Saratoga If there’s a ghost haunting the historic Grooms Tavern in Clifton Park, he or she will be exposed on Friday, Oct. 7, when local ghost hunter Jeff House presents a Halloween program as part of the town’s First Friday series.
“We always look for something around Halloween that’s appropriate,” said John Scherer, town historian.
House considers himself a legitimized ghost hunter. He’s got the equipment seen on popular television shows and investigates local haunts to detect paranormal activity.
“I believe there’s a marriage between natural instincts and the scientific end of it,” said House. “Marry those two together and it’s really concrete answers to what you’re looking for.”
He didn’t always hunt ghosts. It wasn’t until 10 years ago, when he experienced strange occurrences in his apartment in Saratoga Springs.

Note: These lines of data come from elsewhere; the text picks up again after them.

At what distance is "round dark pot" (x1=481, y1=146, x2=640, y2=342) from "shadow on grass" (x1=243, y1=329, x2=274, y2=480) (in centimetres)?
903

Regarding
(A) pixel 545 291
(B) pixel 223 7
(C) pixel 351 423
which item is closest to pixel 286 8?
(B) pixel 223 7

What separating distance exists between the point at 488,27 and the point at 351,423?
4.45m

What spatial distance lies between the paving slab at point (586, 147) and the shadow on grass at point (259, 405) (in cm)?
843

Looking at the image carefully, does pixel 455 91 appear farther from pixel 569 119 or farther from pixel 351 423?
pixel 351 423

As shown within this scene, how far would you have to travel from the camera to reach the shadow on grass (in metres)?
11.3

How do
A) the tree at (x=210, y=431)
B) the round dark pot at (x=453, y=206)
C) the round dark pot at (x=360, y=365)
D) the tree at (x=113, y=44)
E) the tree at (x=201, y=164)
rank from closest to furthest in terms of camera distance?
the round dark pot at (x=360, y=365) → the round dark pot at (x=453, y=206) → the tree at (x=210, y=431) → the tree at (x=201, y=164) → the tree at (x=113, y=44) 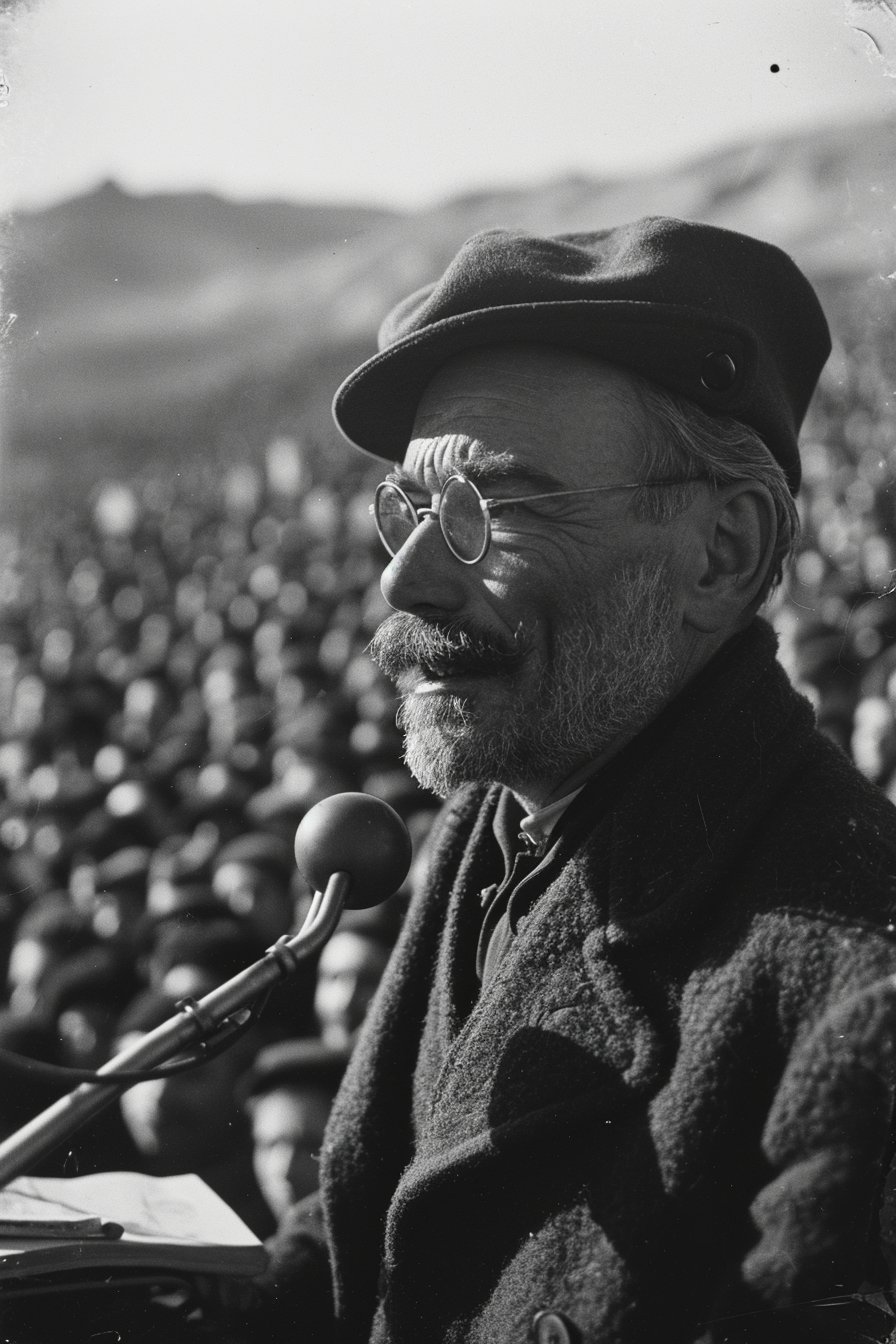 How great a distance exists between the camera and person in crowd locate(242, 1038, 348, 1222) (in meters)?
3.32

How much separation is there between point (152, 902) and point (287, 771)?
75 centimetres

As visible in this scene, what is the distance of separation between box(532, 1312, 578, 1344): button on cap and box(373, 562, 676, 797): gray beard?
23.2 inches

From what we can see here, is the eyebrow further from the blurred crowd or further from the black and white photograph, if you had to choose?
the blurred crowd

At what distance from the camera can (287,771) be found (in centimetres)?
515

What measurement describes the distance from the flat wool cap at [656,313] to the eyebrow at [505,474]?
152mm

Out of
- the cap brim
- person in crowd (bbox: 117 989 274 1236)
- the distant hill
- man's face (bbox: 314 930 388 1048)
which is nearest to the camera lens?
the cap brim

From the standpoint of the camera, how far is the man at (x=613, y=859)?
1.16m

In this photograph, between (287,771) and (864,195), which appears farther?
(287,771)

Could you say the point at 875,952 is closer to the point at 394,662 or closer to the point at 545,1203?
the point at 545,1203

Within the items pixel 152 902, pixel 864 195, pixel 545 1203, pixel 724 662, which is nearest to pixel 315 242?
pixel 152 902

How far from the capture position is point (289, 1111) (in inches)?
135

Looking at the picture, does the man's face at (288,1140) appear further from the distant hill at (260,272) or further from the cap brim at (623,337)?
the cap brim at (623,337)

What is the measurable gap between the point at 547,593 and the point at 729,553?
0.24 meters

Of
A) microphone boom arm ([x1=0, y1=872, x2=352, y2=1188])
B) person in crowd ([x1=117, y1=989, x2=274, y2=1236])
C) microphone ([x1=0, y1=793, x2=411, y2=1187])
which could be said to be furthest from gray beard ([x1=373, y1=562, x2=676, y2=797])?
person in crowd ([x1=117, y1=989, x2=274, y2=1236]) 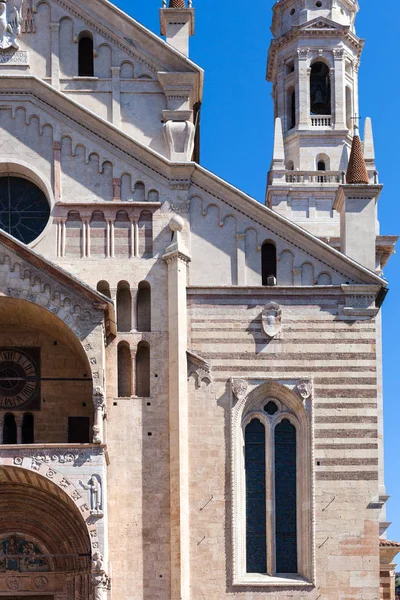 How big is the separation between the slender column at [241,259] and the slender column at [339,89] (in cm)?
1670

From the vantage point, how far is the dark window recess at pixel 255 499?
116 ft

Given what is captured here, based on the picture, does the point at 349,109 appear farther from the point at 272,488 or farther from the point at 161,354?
the point at 272,488

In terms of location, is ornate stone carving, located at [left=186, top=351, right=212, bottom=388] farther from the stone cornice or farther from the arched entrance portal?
the stone cornice

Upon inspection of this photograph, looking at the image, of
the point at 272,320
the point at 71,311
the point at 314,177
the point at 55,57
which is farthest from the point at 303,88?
the point at 71,311

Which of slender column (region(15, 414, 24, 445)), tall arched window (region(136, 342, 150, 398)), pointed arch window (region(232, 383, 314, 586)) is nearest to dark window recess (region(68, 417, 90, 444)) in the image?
slender column (region(15, 414, 24, 445))

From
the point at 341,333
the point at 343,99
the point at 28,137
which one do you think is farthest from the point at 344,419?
the point at 343,99

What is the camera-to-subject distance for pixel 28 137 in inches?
1448

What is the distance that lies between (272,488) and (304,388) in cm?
216

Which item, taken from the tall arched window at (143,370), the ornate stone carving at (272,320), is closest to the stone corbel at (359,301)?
the ornate stone carving at (272,320)

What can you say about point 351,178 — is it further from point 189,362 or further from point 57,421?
point 57,421

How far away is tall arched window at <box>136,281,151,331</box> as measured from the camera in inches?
1414

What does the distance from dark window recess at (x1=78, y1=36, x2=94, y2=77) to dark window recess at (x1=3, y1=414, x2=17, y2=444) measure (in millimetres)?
7981

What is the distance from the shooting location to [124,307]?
35938 mm

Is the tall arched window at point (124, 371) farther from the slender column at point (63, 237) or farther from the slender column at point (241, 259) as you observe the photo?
the slender column at point (241, 259) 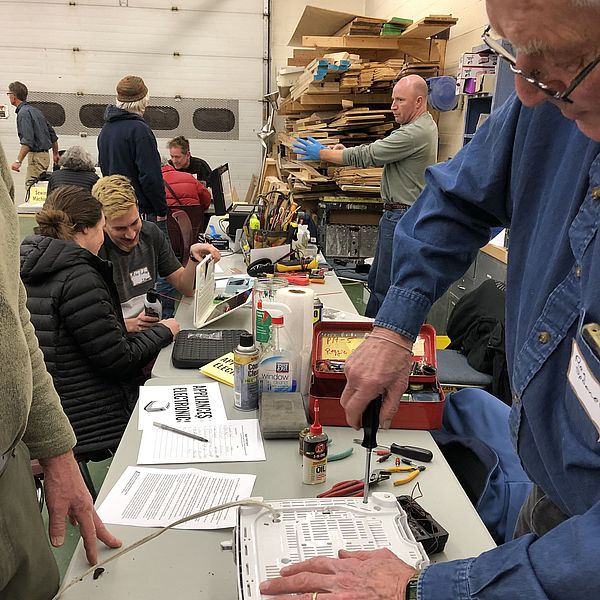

“Hairdryers turning on by themselves, unexplained shaking of a bed where it was very noticeable and almost felt like a small earthquake,” said House. “Things like that that really started to pique my interest and make me really wonder about what existed paranormally.”
House’s curiosity led him to a local ghost-hunting group (he’s no longer involved with them) where he became familiar with the proper equipment and techniques.
“That’s where I got my feet wet with it,” said House.
House works with an infrared video camera that allows him to see infrared and ultraviolet light the eye can’t pick up. He carries an EMS protector that measures electric fields (a high reading is said to mean a ghost is present and drawing off the energy) and a digital voice recorder.
“A lot of times, a ghost is trying to make contact and can speak very minimally and otherwise in sentences that can’t always be picked up by human ears,” said House.
His favorite ghost hunting experience was at Bulls Head Inn in Cobleskill where he caught several voices on the voice recorder and communicated with ghosts through a flashlight exercise.